2 Data Protection Scenarios -- hypotheticals

Garth

I'm have a few debates with friends about the details of DP in Ireland. To clarify, I've made up 2 hypothetical situations and I'm just looking to see if anyone saw these differently than I do.

1. An Antique Car organisation makes available to the public a list of all members and their full postal addresses, at their car shows, for a price. What rights have I (a member of the public) to use this information without being in violation of DP? There are no disclaimers attached to the publication that say that the addresses are not to be used for marketing, etc. If I sent a circular to all these addresses advertising a similar activity, but run by another organisation, would that be permitted?

2. The same Antique Car organisation only allows members to exhibit their cars at the shows if the member allows the publication of their full postal address in the list that they sell to the public. If a member wants to exhibit but asks for his address to be withheld, he is told he cannot participate without giving permission for publishing his address. He feels his expensive antique car is at risk, as is his personal security, but enjoys participating in these events. Is he simply left unable to participate, or is the demand by the organisation inappropriate?

I assure you, there is no antique car organisation that has these issues (or if there is, I don't know who they are!). These are just to clarify different aspects of DP that I don't fully understand.

I am not seeking legal advice, just some interesting views on DP in Ireland.

seamus

Garth wrote:

1. An Antique Car organisation makes available to the public a list of all members and their full postal addresses, at their car shows, for a price. What rights have I (a member of the public) to use this information without being in violation of DP? There are no disclaimers attached to the publication that say that the addresses are not to be used for marketing, etc. If I sent a circular to all these addresses advertising a similar activity, but run by another organisation, would that be permitted?

I think they may depend on what the permission the organisation has to provide those details to you. Assuming that the organisation was not permitted to sell the details on, then you may not be permitted to use them for marketing purposes. I don't think you'll be in any particular trouble if you do, though you would be required to destroy the data.

If the organisation had permission to sell that information to you from its members for marketing purposes, then you may very well use that for whatever you wish. You would still be bound by the DPA in terms of correctness of data and removal of data, and also by the legislation that deals with penalties for unsolicited communications.

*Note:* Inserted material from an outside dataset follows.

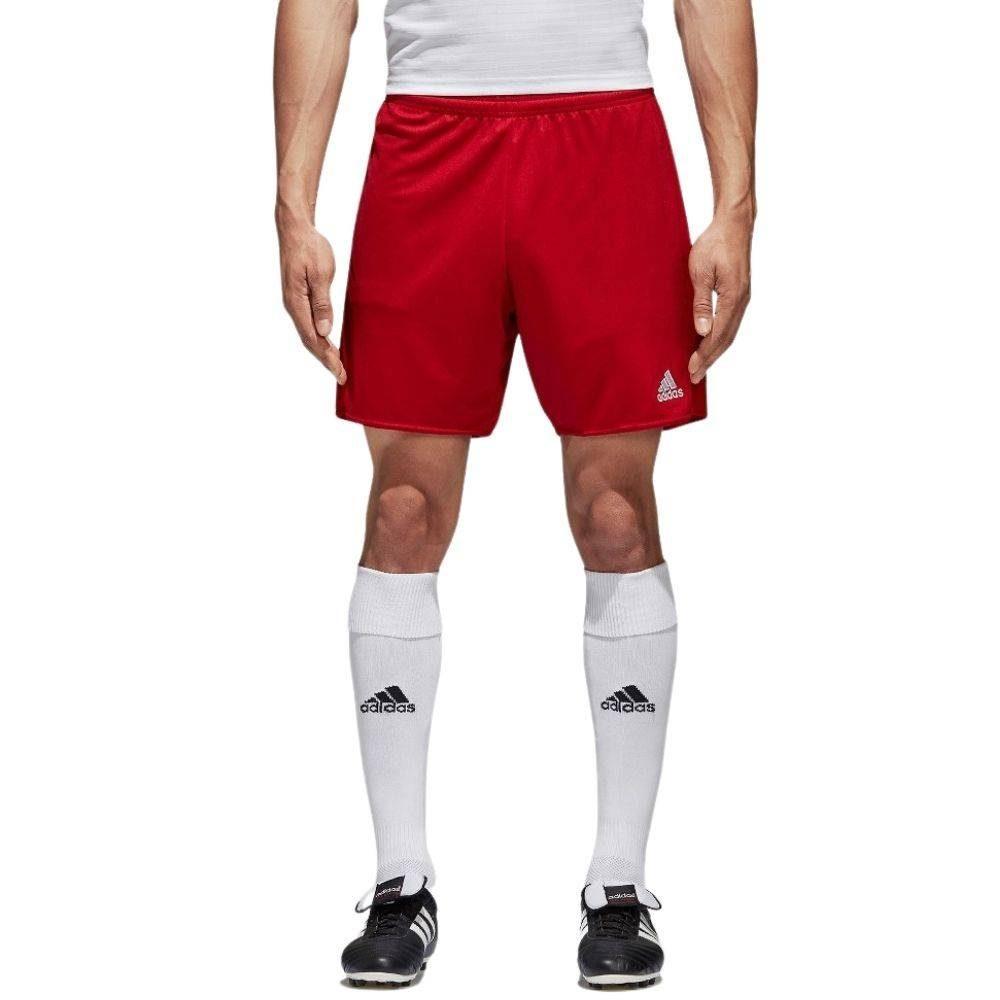 Adidas Casual Shorts Men's Red Moderate AJ5881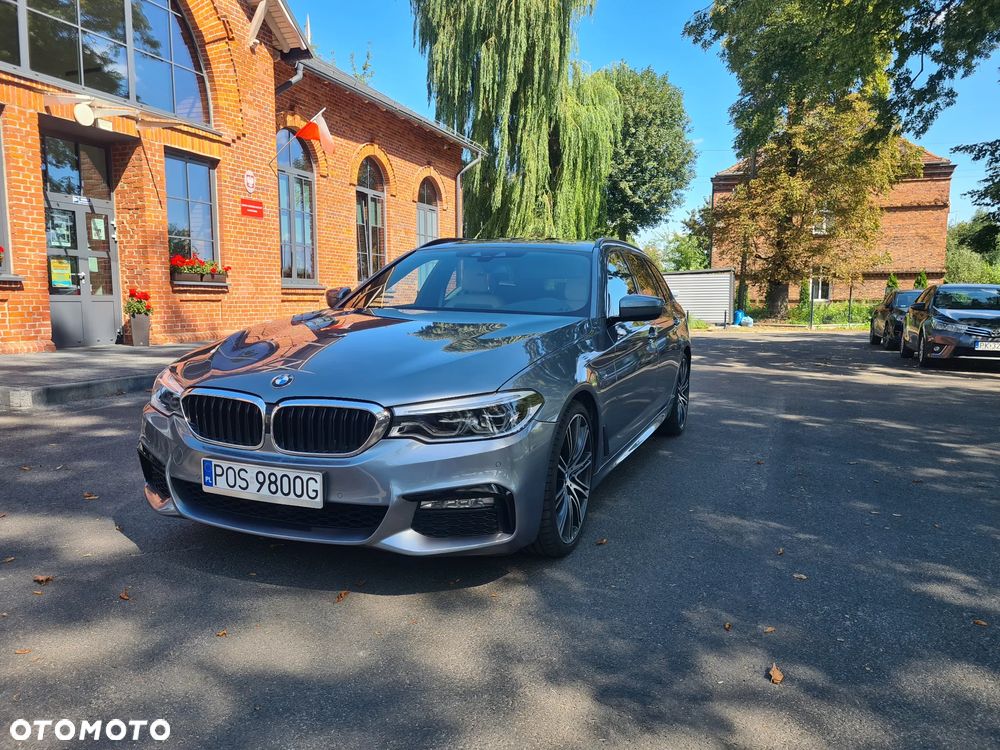 BMW Seria 5 530d Touring Sport Line - 1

2. The same Antique Car organisation only allows members to exhibit their cars at the shows if the member allows the publication of their full postal address in the list that they sell to the public. If a member wants to exhibit but asks for his address to be withheld, he is told he cannot participate without giving permission for publishing his address. He feels his expensive antique car is at risk, as is his personal security, but enjoys participating in these events. Is he simply left unable to participate, or is the demand by the organisation inappropriate?

It may be "inappropriate", but that would be for a court to decide in reality. As a private organisation, they essentially have the right to establish their own rules.

Tom Young

Seamus, not sure I totally agree with you on the Private Organisations aspect of your comment. They are also subject to the acts as is anyone. There is a problem with general control in this area in my opinion.

The person who procures personal data above technically should only store the data with the explicit consent of the persons to whom the data is personal. Specific consent may not have been given to the Vintage Car organisation to distribute and utilise the data or lists in order to propagate some other service or product, or then again maybe the people listed are happy that their data be used.

Under the guidelines, personal data should be expunged from systems and lists 6 months after the expiry of the use of the information has elapsed. Persons solicited by the data processer should be allowed to opt-out of further communications from the data processer and so forth.

Any organisation is also subject to 'subject access requests' which effectively have the power to investigate and make a company comply with requests about personal data within (?) 40 days.

See link: http://ec.europa.eu/justice_home/fsj/privacy/docs/guide/guide-ireland%20%20_en.pdf see page 6 on the PDF for information.

The link is the EU marco guidance and we have our own S.I.s in respect of more discrete issues, 535 of 2003, you can get these on the dataprotection.ie site (if its working).

Don't be too in awe of it, most 'typically Irish' firms haven't a rashers about what they are supposed to do with data etc.

Enjoy.

johnnyskeleton

Just to add my two cents; the DP act does not apply to "personal data kept... by an individual only for recreational purposes" [s.1(4)(c)]. So it is arguable that if the similar activity is run for recreational purposes and not as a business venture the act does not apply.

Victor

This is what post office box numbers are for.